Password management service LastPass is no stranger to vulnerabilities, from an autofill vulnerability just earlier this year to a major breach back in 2015 and numerous flaws reported in the interim. Now, Google Project Zero researcher Tavis Ormandy has reported three separate vulnerabilities in the service, one of which LastPass claims to have resolved.
The resolved vulnerability could have allowed attackers to perform remote code executions (if using the binary component), apart from stealing passwords, and affected Chrome and Firefox users utilising LastPass v4.1.42. LastPass claims this has been resolved, and Ormandy himself has marked the issue as fixed on the Project Zero site.
Update: LastPass says it has resolved the vulnerabilities pointed out by Tavis Ormandy. It claims users will not need to change their master password or any site credential passwords, but users must ensure they are running the latest versions of the LastPass - found on its download page. It also claims the v4.1.42 and v4.1.35 vulnerabilities were caused by the same issue, which has been resolved.
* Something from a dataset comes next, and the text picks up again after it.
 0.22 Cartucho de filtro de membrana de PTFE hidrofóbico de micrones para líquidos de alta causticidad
Ormandy in a tweet commended the LastPass team for the speed of the resolutions.
As for the other two vulnerabilities, one affects an old LastPass add-on (v3.3.2) on Firefox that LastPass earlier this month said it is considering retiring, though after the vulnerability was reported by Ormandy it said it is working on a resolution. Ormandy refers to it as a quick exploit, implying it was easy to find and use.
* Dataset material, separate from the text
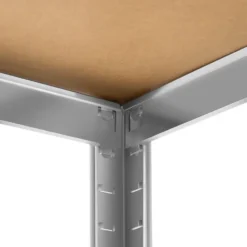 tectake Werkplaatsrek, Zilver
With these many vulnerabilities reported in under a week, it’s quite apparent LastPass is on high alert, and could do with an extensive audit of its services. As we mentioned, this certainly isn’t the first time the password management service has been under fire, and Ormandy himself uncovered a major flaw last year.
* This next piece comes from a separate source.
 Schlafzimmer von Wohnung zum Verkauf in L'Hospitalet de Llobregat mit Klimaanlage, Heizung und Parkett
Security is certainly not easy, but when you are responsible for managing the passwords for millions of users, staying on top of your game is paramount. Ormandy advises using KeePass or KeePassX password managers. Password management services built into browsers like Chrome, Firefox, Safari, and Opera are themselves not immune, so unless you start to follow security best practices to create and remember passwords, staying safe could be difficult.